[[ Source material open ]]

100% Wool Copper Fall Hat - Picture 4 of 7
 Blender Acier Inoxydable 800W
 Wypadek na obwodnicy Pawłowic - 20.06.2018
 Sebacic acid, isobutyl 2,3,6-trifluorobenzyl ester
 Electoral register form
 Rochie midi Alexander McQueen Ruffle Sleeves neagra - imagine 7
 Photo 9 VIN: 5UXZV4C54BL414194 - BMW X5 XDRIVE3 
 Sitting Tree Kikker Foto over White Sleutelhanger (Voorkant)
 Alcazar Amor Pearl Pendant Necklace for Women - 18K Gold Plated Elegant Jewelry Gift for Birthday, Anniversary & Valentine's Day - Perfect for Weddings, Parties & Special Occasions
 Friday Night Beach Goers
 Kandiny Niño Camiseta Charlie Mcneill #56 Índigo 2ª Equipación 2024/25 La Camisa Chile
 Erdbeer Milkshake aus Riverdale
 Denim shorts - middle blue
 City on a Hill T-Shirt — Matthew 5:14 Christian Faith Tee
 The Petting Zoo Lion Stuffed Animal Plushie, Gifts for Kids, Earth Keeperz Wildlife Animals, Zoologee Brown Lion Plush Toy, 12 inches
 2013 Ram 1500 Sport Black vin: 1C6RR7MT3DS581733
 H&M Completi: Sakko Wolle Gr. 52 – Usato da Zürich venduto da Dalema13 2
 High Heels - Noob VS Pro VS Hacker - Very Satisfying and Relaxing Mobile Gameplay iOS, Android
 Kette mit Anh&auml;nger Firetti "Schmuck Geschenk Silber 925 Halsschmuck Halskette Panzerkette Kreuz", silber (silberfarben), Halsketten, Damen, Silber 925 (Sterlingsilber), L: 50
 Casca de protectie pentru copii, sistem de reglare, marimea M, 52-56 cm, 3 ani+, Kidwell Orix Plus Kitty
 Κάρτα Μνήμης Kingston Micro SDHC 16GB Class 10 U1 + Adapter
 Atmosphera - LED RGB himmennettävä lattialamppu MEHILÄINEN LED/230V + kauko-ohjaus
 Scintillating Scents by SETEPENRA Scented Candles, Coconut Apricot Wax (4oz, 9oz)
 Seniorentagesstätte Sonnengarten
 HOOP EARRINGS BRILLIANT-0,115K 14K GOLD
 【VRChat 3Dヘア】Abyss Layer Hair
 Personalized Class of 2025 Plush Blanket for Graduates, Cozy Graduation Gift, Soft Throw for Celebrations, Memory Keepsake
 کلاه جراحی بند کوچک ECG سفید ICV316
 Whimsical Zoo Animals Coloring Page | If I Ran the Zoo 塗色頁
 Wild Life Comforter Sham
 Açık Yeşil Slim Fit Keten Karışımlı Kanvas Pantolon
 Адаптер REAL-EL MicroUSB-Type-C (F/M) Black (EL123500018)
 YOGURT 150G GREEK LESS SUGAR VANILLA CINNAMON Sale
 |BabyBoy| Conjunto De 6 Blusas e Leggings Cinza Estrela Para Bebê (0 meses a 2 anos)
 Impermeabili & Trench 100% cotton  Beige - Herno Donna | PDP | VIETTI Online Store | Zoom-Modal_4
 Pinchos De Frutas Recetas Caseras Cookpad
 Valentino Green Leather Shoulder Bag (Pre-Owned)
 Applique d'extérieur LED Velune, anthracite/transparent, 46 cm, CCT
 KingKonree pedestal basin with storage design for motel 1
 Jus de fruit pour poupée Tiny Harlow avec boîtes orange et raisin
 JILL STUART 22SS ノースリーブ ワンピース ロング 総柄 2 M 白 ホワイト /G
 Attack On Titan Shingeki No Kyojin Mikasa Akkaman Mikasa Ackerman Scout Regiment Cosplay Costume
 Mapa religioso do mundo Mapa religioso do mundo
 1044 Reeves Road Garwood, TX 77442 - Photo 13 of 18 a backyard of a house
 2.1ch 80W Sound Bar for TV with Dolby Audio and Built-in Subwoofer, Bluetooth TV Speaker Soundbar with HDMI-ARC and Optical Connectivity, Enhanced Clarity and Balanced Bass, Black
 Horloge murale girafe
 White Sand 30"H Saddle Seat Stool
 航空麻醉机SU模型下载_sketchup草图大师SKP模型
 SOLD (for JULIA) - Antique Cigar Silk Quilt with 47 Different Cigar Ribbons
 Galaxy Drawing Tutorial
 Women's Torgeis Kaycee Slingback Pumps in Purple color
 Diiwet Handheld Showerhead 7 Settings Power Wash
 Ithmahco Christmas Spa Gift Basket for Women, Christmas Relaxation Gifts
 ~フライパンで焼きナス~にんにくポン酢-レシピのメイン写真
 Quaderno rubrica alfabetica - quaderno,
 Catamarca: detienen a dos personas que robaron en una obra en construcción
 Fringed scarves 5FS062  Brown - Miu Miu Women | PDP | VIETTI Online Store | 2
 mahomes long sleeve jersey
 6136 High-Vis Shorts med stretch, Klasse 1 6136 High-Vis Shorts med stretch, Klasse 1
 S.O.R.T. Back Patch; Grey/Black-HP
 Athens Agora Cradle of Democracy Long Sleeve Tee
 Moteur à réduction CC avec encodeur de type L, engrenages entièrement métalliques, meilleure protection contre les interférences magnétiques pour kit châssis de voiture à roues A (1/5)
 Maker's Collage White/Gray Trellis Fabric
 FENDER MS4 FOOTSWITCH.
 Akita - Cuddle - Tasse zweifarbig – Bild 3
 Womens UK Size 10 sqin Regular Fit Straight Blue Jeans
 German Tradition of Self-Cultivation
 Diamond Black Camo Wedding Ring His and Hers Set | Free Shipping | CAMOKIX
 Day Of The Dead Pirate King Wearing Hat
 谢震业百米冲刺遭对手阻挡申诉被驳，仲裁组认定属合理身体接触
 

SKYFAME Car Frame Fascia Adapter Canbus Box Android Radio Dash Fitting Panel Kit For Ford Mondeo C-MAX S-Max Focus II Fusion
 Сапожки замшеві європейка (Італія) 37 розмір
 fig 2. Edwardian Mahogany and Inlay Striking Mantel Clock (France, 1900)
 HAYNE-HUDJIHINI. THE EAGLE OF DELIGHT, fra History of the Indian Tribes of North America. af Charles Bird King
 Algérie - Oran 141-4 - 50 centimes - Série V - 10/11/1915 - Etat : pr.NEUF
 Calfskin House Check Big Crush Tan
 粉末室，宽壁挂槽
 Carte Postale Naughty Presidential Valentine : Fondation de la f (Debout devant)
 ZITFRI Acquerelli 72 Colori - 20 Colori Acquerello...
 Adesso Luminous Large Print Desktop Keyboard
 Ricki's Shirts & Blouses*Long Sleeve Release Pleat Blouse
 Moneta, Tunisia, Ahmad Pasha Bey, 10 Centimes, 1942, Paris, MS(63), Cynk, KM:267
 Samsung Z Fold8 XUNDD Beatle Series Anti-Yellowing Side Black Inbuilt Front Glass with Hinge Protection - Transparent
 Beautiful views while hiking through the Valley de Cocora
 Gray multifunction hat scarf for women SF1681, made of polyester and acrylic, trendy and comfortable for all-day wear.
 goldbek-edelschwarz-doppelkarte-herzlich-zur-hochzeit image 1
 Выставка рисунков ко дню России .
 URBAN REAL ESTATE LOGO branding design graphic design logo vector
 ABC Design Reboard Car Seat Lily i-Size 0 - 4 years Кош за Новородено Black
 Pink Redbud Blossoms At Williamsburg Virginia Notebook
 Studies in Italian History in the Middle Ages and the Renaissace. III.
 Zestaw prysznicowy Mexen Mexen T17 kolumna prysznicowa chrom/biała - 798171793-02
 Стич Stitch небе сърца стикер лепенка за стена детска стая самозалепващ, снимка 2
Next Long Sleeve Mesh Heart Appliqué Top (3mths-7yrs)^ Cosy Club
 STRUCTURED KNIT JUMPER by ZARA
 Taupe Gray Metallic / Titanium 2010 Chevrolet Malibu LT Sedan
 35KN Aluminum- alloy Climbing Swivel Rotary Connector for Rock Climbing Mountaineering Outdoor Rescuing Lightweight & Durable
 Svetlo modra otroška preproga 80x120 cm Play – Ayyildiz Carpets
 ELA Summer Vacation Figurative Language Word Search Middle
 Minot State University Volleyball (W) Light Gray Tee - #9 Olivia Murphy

[[ Source material closed ]]

Copy out, exactly and alone, the lines of the entries above between the ones holding "mahomes long sleeve jersey" and "FENDER MS4 FOOTSWITCH.", inclusive.

 mahomes long sleeve jersey
 6136 High-Vis Shorts med stretch, Klasse 1 6136 High-Vis Shorts med stretch, Klasse 1
 S.O.R.T. Back Patch; Grey/Black-HP
 Athens Agora Cradle of Democracy Long Sleeve Tee
 Moteur à réduction CC avec encodeur de type L, engrenages entièrement métalliques, meilleure protection contre les interférences magnétiques pour kit châssis de voiture à roues A (1/5)
 Maker's Collage White/Gray Trellis Fabric
 FENDER MS4 FOOTSWITCH.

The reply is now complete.